JR: Many independent presses are known for taking a great deal of care in the production of their books. Jaded Ibis goes even a step further with their fine art and sound editions. In the fine art editions for this, the reader has to make a decision between destroying the artwork to get to the words, or destroying the words to get to the artwork. Doesn’t this in some way contradict the “normal” edition of the book, where the text and artwork mingle? Are the fine art and “normal” editions meant to stand alone, or should they be considered equal parts of the larger artwork?
JATAJDW: Debra DiBlasi (our publisher) might be able to answer this question better than we can, at least in terms of her idea of doing these editions for all of our books. But, for us, we wanted an edition that basically indulged the obvious fault line that we had left in our work. Our collaborative method of composing a whole novel together, but sections independently, leaves the scars of our work showing. By not combining words and pictures in single sections, the separation, and hopefully tension, between these two methods of storytelling remains obvious. We wanted the fine art edition to irritate this threat that the words might overtake the pictures or the pictures might consume the words, and basically force our reader to do just that.
JR: The jacket copy describes the book as both “horror story and love story.” In my first read, it felt much the latter, perhaps because that’s the kind of story I was looking for at the moment.
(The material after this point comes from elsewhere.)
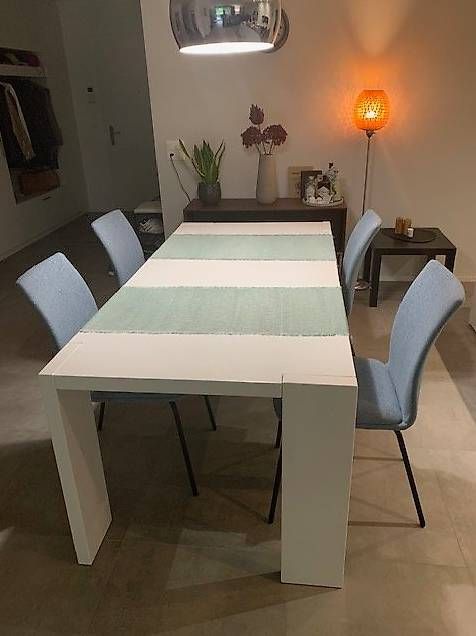 Tavoli: Eleganter weisser Hochglanz-Tisch – Usato da Kollbrunn venduto da prudent79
But in a second read, I found myself more drawn to what I guess one would call the “horror” aspects, the moments of separation. (Maybe it’s the same reason). The tension between the images and text, and the tension within the images and text themselves, seems to draw from this simultaneous coming-together and ripping-apart, emotionally. I’m curious if you find or found yourselves falling one way or another in your own emotions for the book. Does your own unified voice (as in these answers) come from equal-and-opposite forces, or parallels?
JATAJDW: Wow, Joe. I think the answer is “yes.” You described our exact experience. As we passed the story back and forth, the constant challenge was to invent (change) but by harnessing what had been given to us. The fact that this novel ended up being a story about the absolutely terrifying nature of love — the fear of loss, both of self and the person or thing that you can’t control — seems to be a likely result of the way we worked together.